* Exercise instructions: Only lines containing the string "based" belong in the answer; find them in the records and copy them.
[Start of section]
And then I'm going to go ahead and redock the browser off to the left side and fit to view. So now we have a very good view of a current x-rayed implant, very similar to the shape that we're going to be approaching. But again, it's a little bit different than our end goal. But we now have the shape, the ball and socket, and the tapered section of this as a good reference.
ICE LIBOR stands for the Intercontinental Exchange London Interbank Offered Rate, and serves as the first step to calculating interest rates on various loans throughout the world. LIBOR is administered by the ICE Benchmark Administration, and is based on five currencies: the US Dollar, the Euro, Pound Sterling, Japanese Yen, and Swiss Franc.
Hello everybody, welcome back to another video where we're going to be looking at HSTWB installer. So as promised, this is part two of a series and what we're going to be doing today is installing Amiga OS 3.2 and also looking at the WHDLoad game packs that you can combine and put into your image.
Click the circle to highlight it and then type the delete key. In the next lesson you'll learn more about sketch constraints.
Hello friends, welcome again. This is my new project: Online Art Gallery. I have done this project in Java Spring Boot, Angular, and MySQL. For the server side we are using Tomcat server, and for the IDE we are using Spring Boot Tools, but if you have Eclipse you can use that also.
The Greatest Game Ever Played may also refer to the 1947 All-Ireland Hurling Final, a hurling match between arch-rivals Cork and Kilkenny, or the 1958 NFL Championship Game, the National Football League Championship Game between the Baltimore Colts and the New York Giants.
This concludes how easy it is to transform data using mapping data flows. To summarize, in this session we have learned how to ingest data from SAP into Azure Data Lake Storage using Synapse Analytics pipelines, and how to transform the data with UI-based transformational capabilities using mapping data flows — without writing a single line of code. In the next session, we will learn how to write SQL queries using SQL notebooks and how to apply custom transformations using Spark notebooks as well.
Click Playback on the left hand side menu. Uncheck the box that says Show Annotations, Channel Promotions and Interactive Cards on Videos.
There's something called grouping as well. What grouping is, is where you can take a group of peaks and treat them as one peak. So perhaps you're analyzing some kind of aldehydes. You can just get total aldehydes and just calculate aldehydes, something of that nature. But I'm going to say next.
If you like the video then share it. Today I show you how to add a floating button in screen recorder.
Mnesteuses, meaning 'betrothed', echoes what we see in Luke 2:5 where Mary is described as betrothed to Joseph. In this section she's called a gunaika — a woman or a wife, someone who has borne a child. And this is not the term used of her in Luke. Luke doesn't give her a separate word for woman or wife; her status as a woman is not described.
[End of section]
* Task result:
ICE LIBOR stands for the Intercontinental Exchange London Interbank Offered Rate, and serves as the first step to calculating interest rates on various loans throughout the world. LIBOR is administered by the ICE Benchmark Administration, and is based on five currencies: the US Dollar, the Euro, Pound Sterling, Japanese Yen, and Swiss Franc.
This concludes how easy it is to transform data using mapping data flows. To summarize, in this session we have learned how to ingest data from SAP into Azure Data Lake Storage using Synapse Analytics pipelines, and how to transform the data with UI-based transformational capabilities using mapping data flows — without writing a single line of code. In the next session, we will learn how to write SQL queries using SQL notebooks and how to apply custom transformations using Spark notebooks as well.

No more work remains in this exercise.